- _What to produce_
For this exercise, transcribe all the entries exactly as given and omit the images.

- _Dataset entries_
== Segment start ==
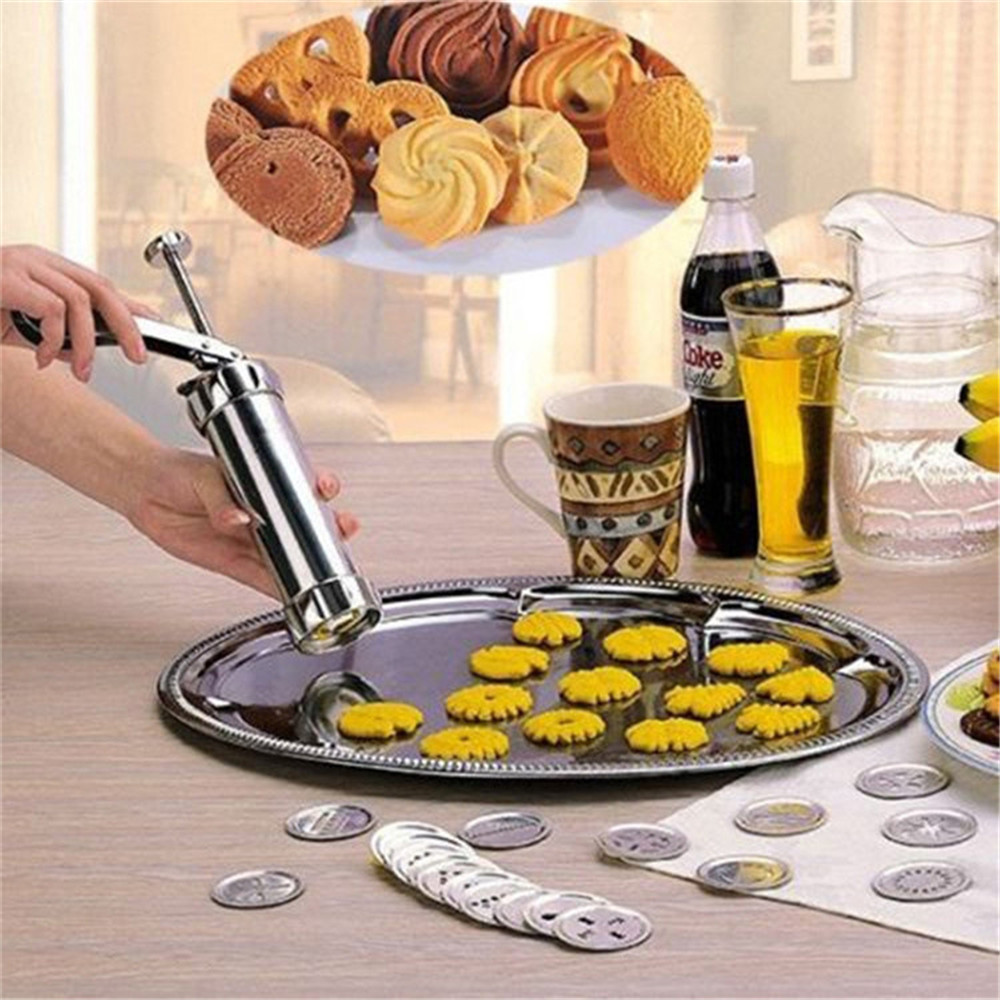 Tools Set Chocolate Oreo Molds - The Peppermill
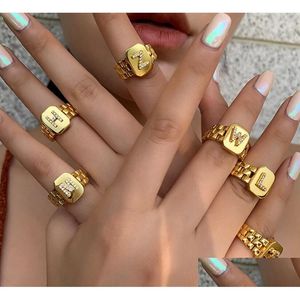 Anneaux de bande ajusté 18k Gold plaqué A-Z Lettres Ring Watchband Square Initial Lettre pour femmes Bijoux de livraison en gros Drop Drop Dh5ij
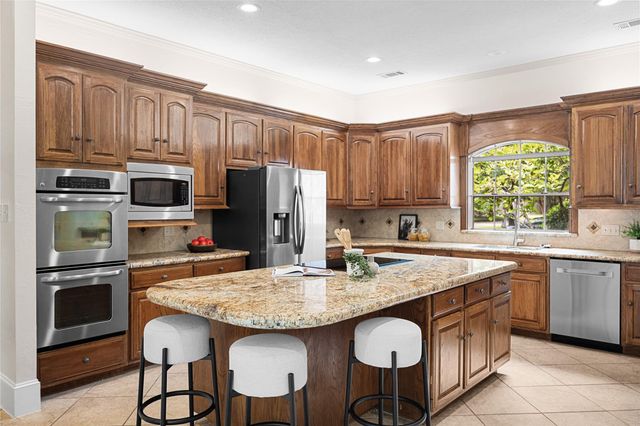 11822 Primwood Drive, Houston, TX 77070
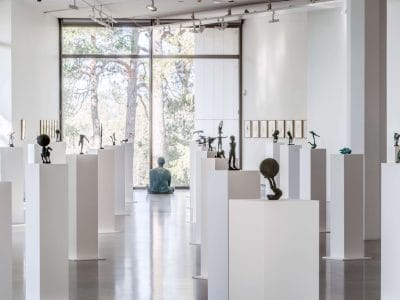 Utställningsbild med skulpturer på piedestaler från Fredrik Wretmans utställning på Artipelag.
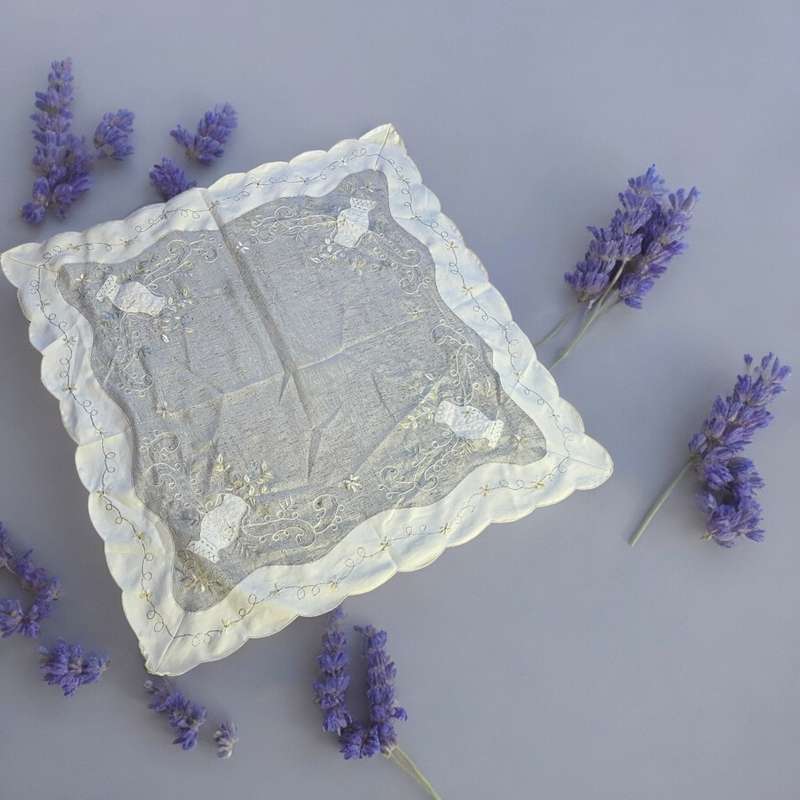 Table centre piece/overlay(A)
== Segment end ==
- _Exercise answer_
 Tools Set Chocolate Oreo Molds - The Peppermill
 Anneaux de bande ajusté 18k Gold plaqué A-Z Lettres Ring Watchband Square Initial Lettre pour femmes Bijoux de livraison en gros Drop Drop Dh5ij
 11822 Primwood Drive, Houston, TX 77070
 Utställningsbild med skulpturer på piedestaler från Fredrik Wretmans utställning på Artipelag.
 Table centre piece/overlay(A)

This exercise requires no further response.